EXERCISE BRIEF
Return, without pictures, the lines from the start of the data through the one that contains "C70600 CuNi Weld".
#### THE DATA ####
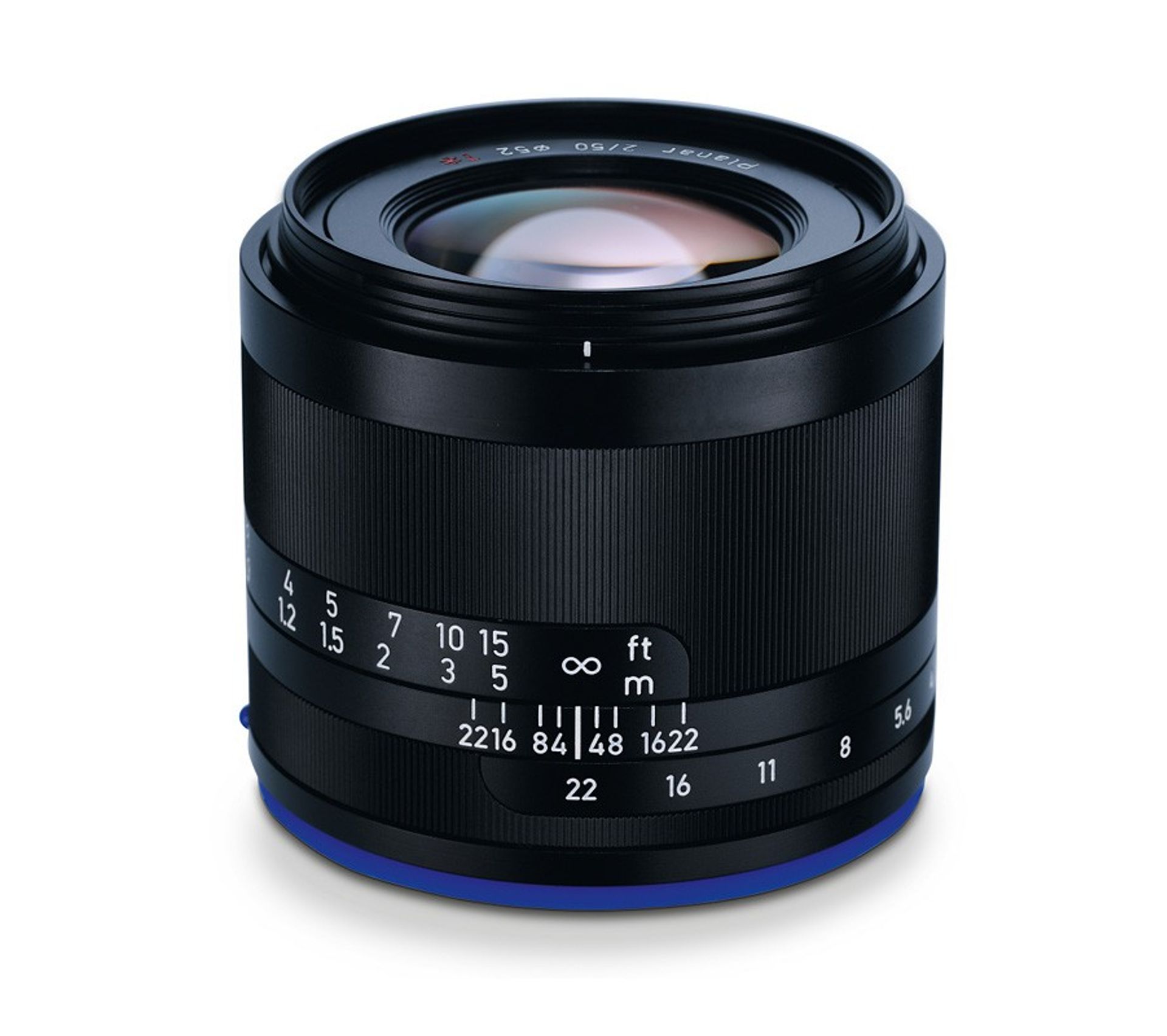 Objectif Loxia 50 Mm F/2 Monture Sony Fe Objectif Flash BUT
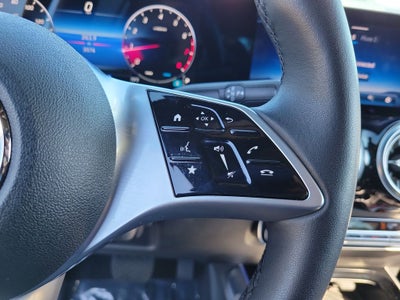 2026 Mercedes-Benz GLB GLB 250 4MATIC®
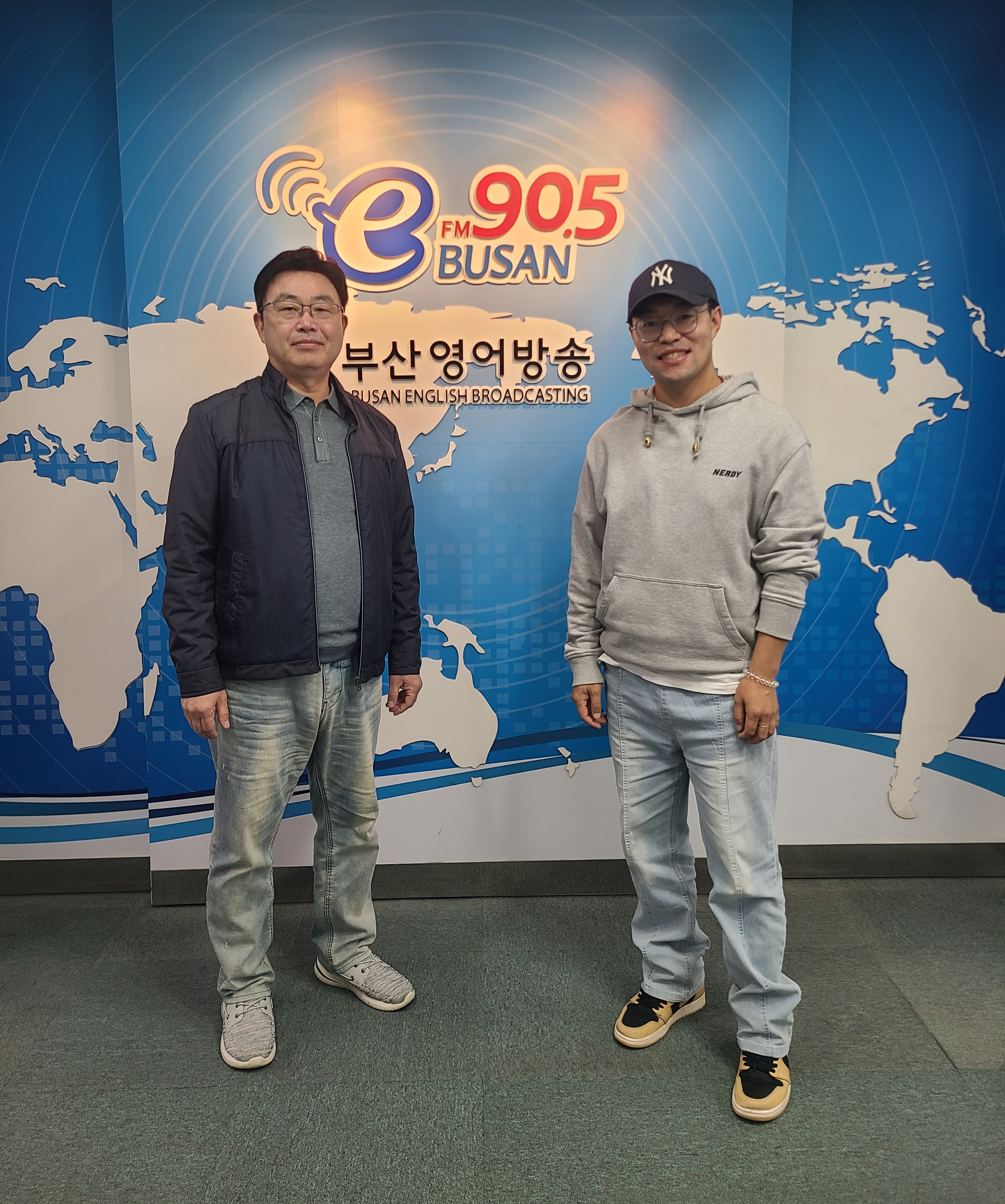 (지음방담/知音访谈) 이진석 대표(경신물류)_11.07 Photo1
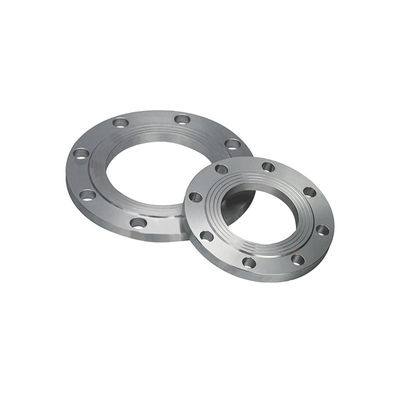 C70600 CuNi Weld Neck Flange  High Pressure Marine Shipbuilding Connector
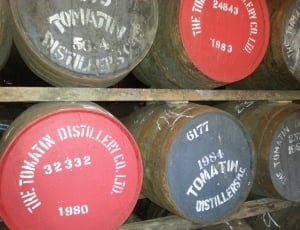 Barrels, Whiskey, Stock, Whisky, red, food and drink thumbnail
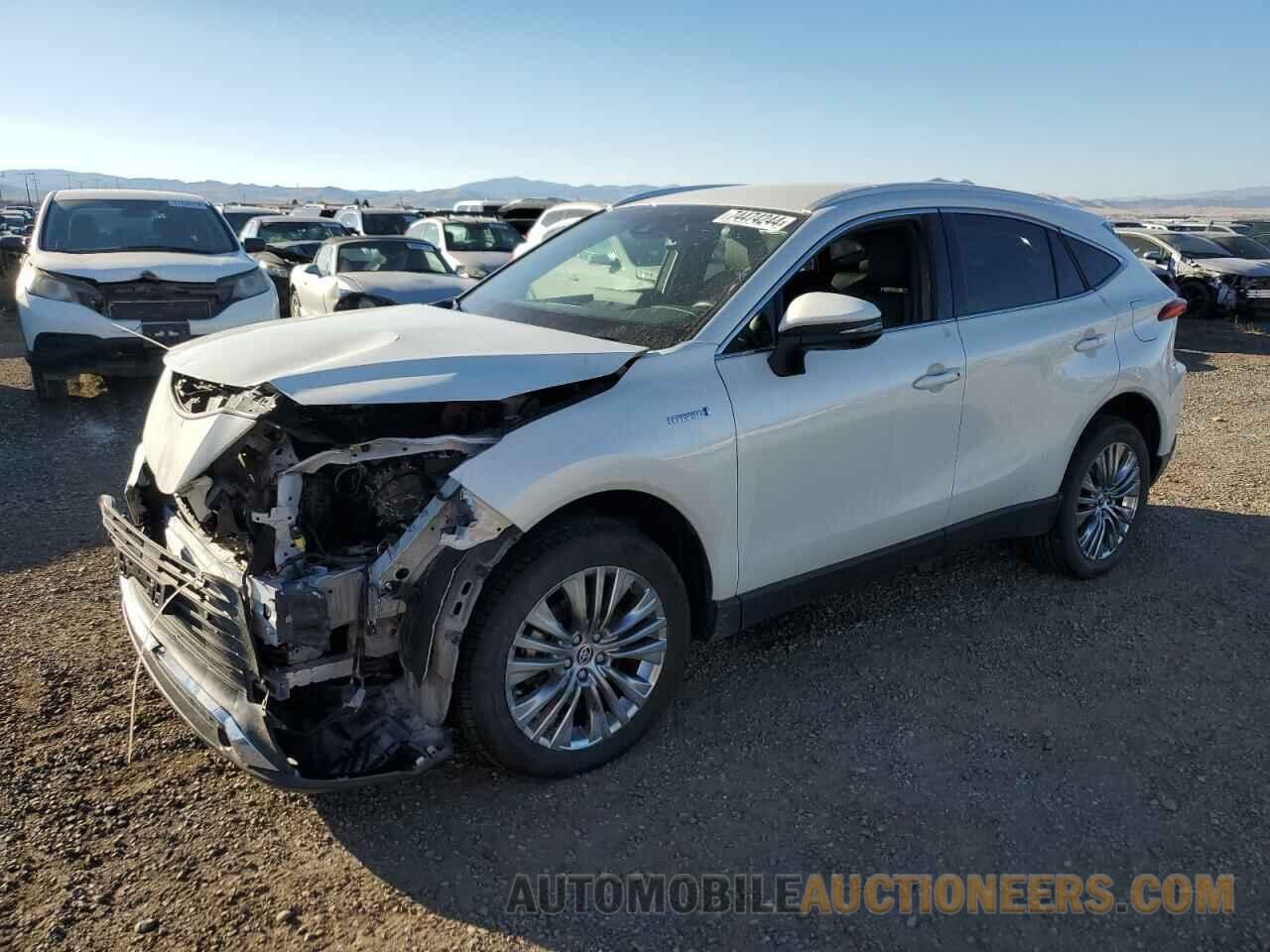 JTEAAAAH1MJ023228 TOYOTA VENZA 2021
####
ANSWER BOX
 Objectif Loxia 50 Mm F/2 Monture Sony Fe Objectif Flash BUT
 2026 Mercedes-Benz GLB GLB 250 4MATIC®
 (지음방담/知音访谈) 이진석 대표(경신물류)_11.07 Photo1
 C70600 CuNi Weld Neck Flange  High Pressure Marine Shipbuilding Connector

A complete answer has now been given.